Monday, October 02, 2006

Losing My Religion: That's Me in the Corner

I was asked by another blogger (Jim Jordan) to comment on the 'Losing My Religion' lyrics and I thought that was a great idea. I am a fan of REM and this song's title really meant something to me when I began to write this blog, so here's my take on the song.

Losing My Religion (R.E.M.)

(a) Life is bigger, It's bigger than you, And you are not me
The lengths that I will go to, The distance in your eyes
Oh no I've said too much, I set it up

(b) That's me in the corner
That's me in the spotlight
Losing my religion

(c) Trying to keep up with you, And I don't know if I can do it
Oh no I've said too much, I haven't said enough

(d) I thought that I heard you laughing
I thought that I heard you sing
I think I thought I saw you try

(e) Every whisper, Of every waking hour, I'm choosing my confessions
Trying to keep an eye on you, Like a hurt lost and blinded fool
Oh no I've said too much, I set it up

(f) Consider this
The hint of the century
Consider this
The slip that brought me to my knees failed
What if all these fantasies come flailing around
Now...I've said too much

(g) I thought that I heard you laughing
I thought that I heard you sing
I think I thought I saw you try
But that was just a dream
That was just a dream...just a dream

(a) Life is bigger than any of us and this is what causes our search for something outside, greater than us (Ex: God). The person admits they are not you and their search is their's. The lengths to get to know God are numerous for anyone but they are met with 'distance' by people within religion (can't relate to them and their rules). They feel they can't reveal too much about themselves to the religious (fear of judgment or being told all the answers) but they still wonder.

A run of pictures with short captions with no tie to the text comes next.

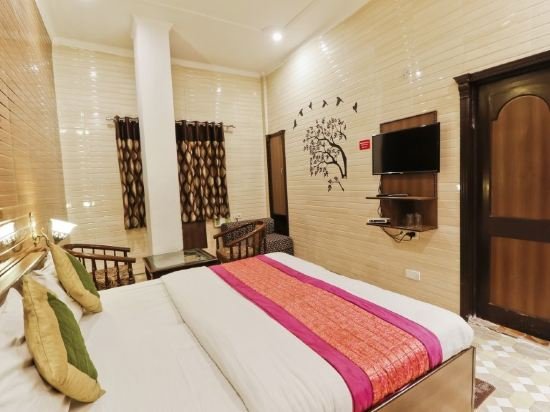 Фото Oyo 4430 Hotel Holy city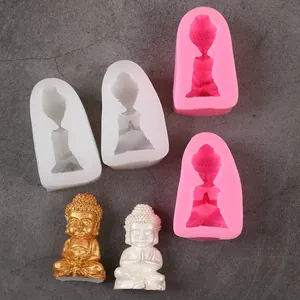 Vue détaillée de moules en silicone de Bouddha avec ornements en cire or et blanc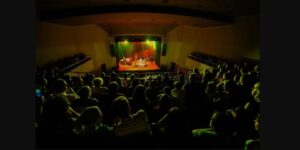VIAJANDO-AL-MUNDO-DE-LOS-CUENTOS-768x384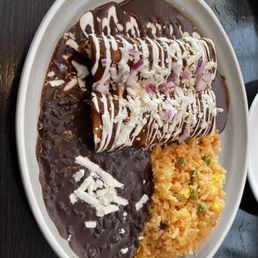 Enchiladas de Pollo en Mole Oaxaqueño Enchiladas de Pollo en Mole Oaxaqueño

(b) My take on the chorus is 2-fold. Firstly, the person who 'hears' us has their doubts justified by those in the 'corner' (the congregation) and those in the 'spotlight' (the preacher) - it's all 'mere words' in a structured system. Secondly, I used the title because I empathize but also because I am 'losing my religion' - (1) casting off old religious structurism's and (2) the faith I love has become something useless in society (a lot of talk) with little action (I challenge it).

(c) The hopelessness of the individual to meet our high expectations (ex: perfectly sinless or rules based system) and they become unsure of their own faith. Leaving them with no recourse for action or any voice within the church, 'they say too much, they never say enough'. They see the problem but cannot handle being left voiceless in a 'don't question God' system.

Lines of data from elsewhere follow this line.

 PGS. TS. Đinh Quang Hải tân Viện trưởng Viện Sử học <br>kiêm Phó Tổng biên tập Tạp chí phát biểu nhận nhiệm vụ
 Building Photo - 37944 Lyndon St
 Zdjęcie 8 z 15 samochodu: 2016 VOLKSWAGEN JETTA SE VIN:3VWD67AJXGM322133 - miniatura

(d) The people can see us trying or 'putting on the show' but they cannot relate with it. We laugh we sing and we seem so damn happy...what about those who come to the church not that way? I can see their problems with relating to a bunch of 'happy all the time' clones (almost fake to them?).

(e) Again the person is trying to live up to the rules set for them by religion (ex: prayer and repentance) and they are trying to obey (as hard as they can). They are watching you to see if they can find the little bit of answers they cannot seem to find in religion (since you have been there longer and may know more about the system). In all their mis-connections within religion they feel 'hurt, lost, blind and foolish'...like they missed a mark or something. Again saying too much can work against you in the system and in these doubts 'the religious' feel they have to somehow correct you.

(f) In the final part the person feels they have gained nothing from religion. They ask us to consider this religion as failed, even a fantasy...due to the fact they only got the hint this was all 'faked and contrived' (a systemic way of viewing God failed this individual). At this point the individual admits 'they've said too much' and this will not be tolerated within that system.

(g) It was all just a dream, a dream they feel has no validity in their personal life. The system failed them and they feel it's more 'a dream' than a reality.

I am not saying I agree (by no stretch) but I empathize with the views being expressed. A lot of people lose their trust for a rules-based system that tells them who/what/where/when/and why about God (like there is no mystery). The religion that is so sure isn't at all, they can't relate to someone struggling (system vs. personal touch). I don't think my faith is 'a dream' but I can see how someone can get there, in pure dis-illusionment with the church and it's 'do's and dont's'.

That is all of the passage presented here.